▶ [Data shown]
»»

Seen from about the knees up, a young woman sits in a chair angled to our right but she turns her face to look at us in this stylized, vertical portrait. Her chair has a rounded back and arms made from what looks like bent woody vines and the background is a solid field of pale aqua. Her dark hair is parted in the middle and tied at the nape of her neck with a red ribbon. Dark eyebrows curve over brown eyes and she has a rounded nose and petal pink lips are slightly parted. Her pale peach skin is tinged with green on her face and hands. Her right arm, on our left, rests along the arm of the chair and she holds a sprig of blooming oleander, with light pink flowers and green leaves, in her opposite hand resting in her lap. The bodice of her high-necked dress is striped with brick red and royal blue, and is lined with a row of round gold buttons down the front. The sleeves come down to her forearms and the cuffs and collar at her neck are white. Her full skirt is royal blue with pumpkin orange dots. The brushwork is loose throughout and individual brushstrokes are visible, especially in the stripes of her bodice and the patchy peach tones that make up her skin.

««
»»

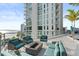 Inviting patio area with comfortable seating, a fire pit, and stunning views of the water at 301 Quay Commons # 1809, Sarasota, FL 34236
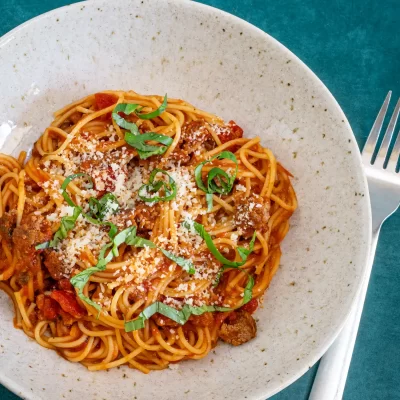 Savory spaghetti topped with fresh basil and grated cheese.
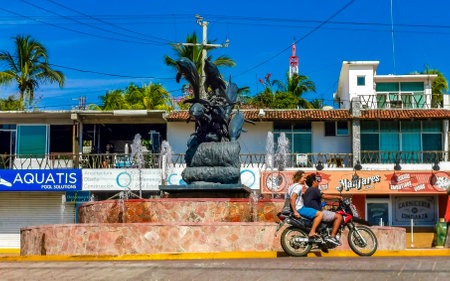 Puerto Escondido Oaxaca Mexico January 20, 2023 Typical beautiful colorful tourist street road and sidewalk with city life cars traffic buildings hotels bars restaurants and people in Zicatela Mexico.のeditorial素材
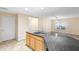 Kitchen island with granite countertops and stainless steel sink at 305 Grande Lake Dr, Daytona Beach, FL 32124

««
»»

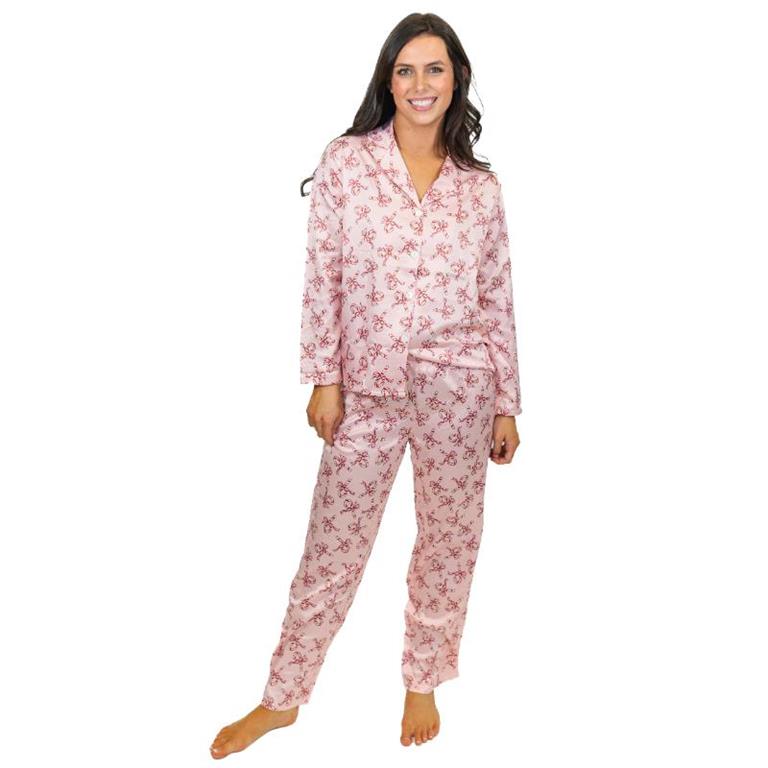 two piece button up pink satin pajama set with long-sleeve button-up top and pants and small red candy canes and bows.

««

▶ [Task to complete]
Look above for the line with "Savory spaghetti topped" and the line with "Kitchen island with", then copy exactly the lines from the first through the second, both kept, with no pictures.

▶ [Finished exercise]
 Savory spaghetti topped with fresh basil and grated cheese.
 Puerto Escondido Oaxaca Mexico January 20, 2023 Typical beautiful colorful tourist street road and sidewalk with city life cars traffic buildings hotels bars restaurants and people in Zicatela Mexico.のeditorial素材
 Kitchen island with granite countertops and stainless steel sink at 305 Grande Lake Dr, Daytona Beach, FL 32124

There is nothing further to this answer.